Ghozia Ahmed, Attiya Gamal, Adly Emad, El-Fishawy Nawal
Computer Science and Engineering Department, Faculty of Electronic Engineering, Menoufia University, Shibin El Kom, Menofia Governorate, Egypt.
Comput Intell Neurosci. 2020 Dec 23;2020:8813089. doi: 10.1155/2020/8813089. eCollection 2020.
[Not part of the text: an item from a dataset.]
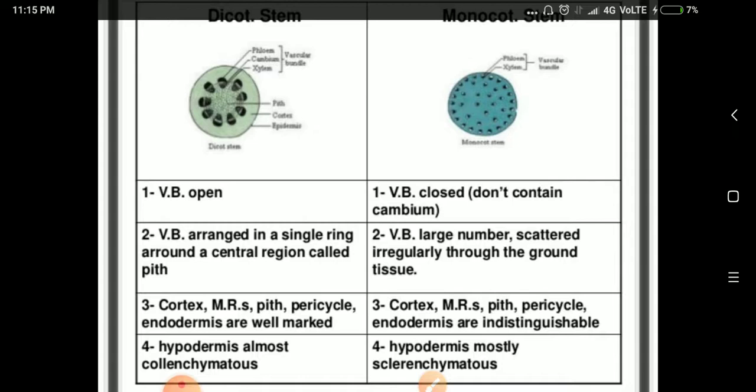In the dicot stem, when vascular bundles are arranged in a ring, you can distinguish the following regions: medullary rays, pith, pericycle, and endodermis. These structures are clearly visible because the vascular bundles are in a defined ring.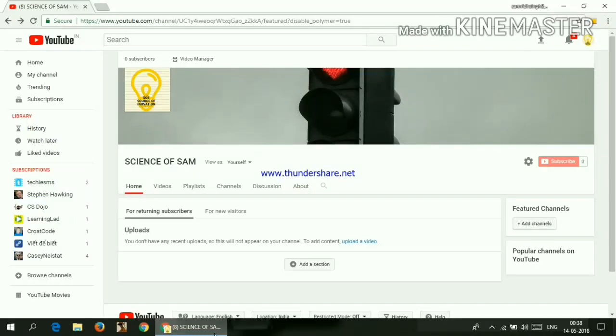Hello and what is up guys, Samrit here from Science of SAM or SOS and this is gonna be the first video on my channel. So please make sure to subscribe my channel and like this video and do not forget to press the bell icon.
Understanding video files is a challenging task. While the current video understanding techniques rely on deep learning, the obtained results suffer from a lack of real trustful meaning. Deep learning recognizes patterns from big data, leading to deep feature abstraction, not deep understanding. Deep learning tries to understand multimedia production by analyzing its content. We cannot understand the semantics of a multimedia file by analyzing its content only. Events occurring in a scene earn their meanings from the context containing them. A screaming kid could be scared of a threat or surprised by a lovely gift or just playing in the backyard. Artificial intelligence is a heterogeneous process that goes beyond learning. In this article, we discuss the heterogeneity of AI as a process that includes innate knowledge, approximations, and context awareness. We present a context-aware video understanding technique that makes the machine intelligent enough to understand the message behind the video stream. The main purpose is to understand the video stream by extracting real meaningful concepts, emotions, temporal data, and spatial data from the video context. The diffusion of heterogeneous data patterns from the video context leads to accurate decision-making about the video message and outperforms systems that rely on deep learning. Objective and subjective comparisons prove the accuracy of the concepts extracted by the proposed context-aware technique in comparison with the current deep learning video understanding techniques. Both systems are compared in terms of retrieval time, computing time, data size consumption, and complexity analysis. Comparisons show a significant efficient resource usage of the proposed context-aware system, which makes it a suitable solution for real-time scenarios. Moreover, we discuss the pros and cons of deep learning architectures.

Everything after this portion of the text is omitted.